Exercise directions → Working from the records below, return word for word the line that contains "Лампа металлогалогенная ДРИ" and each line after it, ending with the last. Skip all pictures.

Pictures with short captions

········

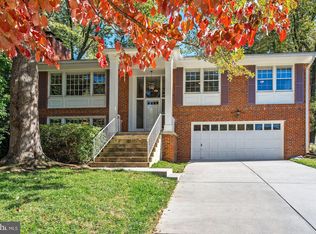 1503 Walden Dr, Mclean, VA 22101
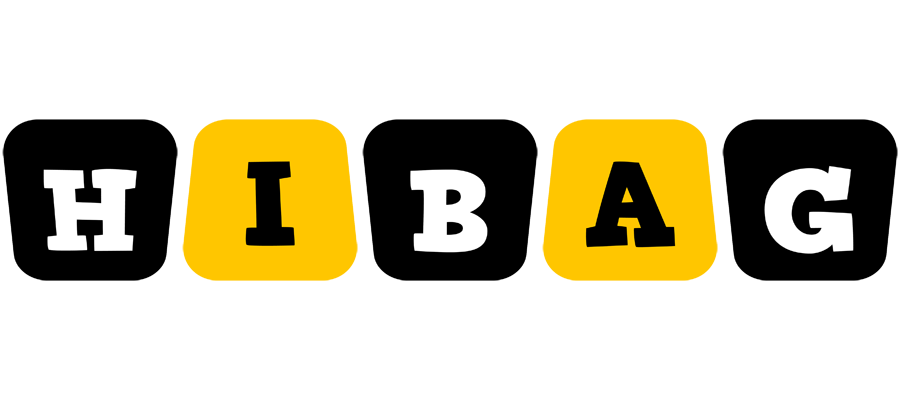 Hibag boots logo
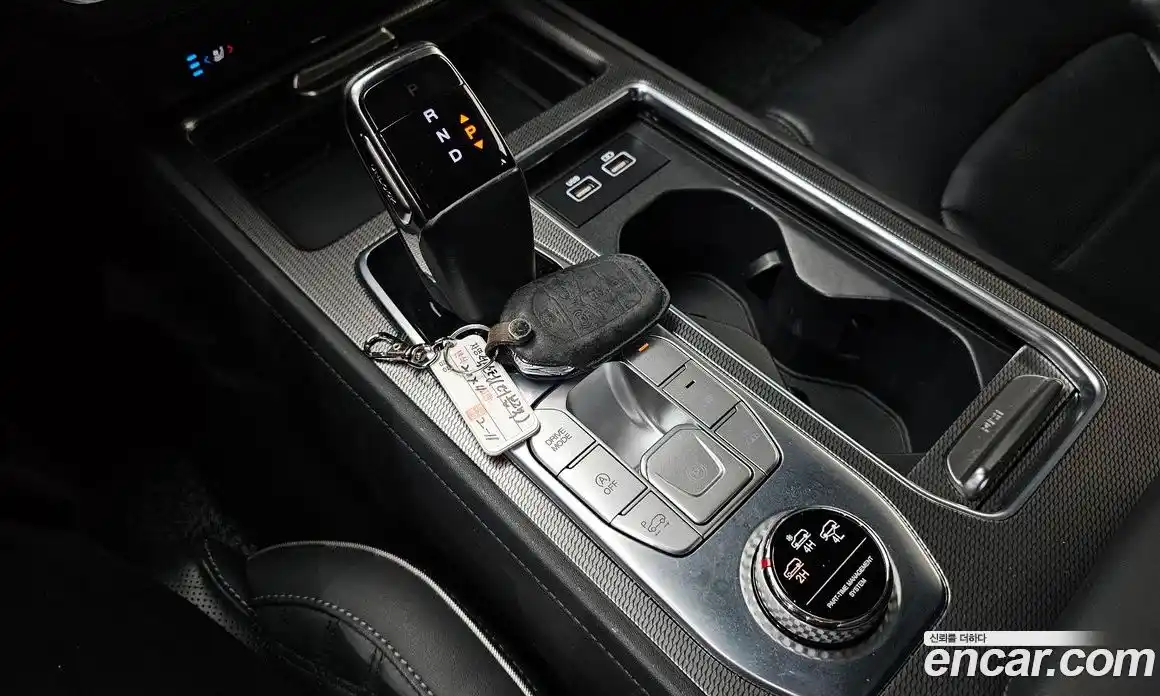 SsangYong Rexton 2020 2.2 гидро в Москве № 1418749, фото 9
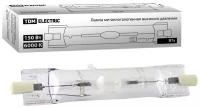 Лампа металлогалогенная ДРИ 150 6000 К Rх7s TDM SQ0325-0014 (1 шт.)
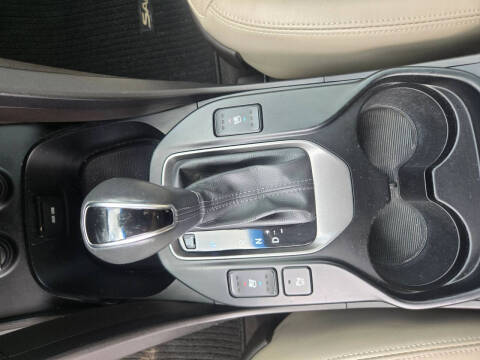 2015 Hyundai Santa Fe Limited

········

Worked solution →
 Лампа металлогалогенная ДРИ 150 6000 К Rх7s TDM SQ0325-0014 (1 шт.)
 2015 Hyundai Santa Fe Limited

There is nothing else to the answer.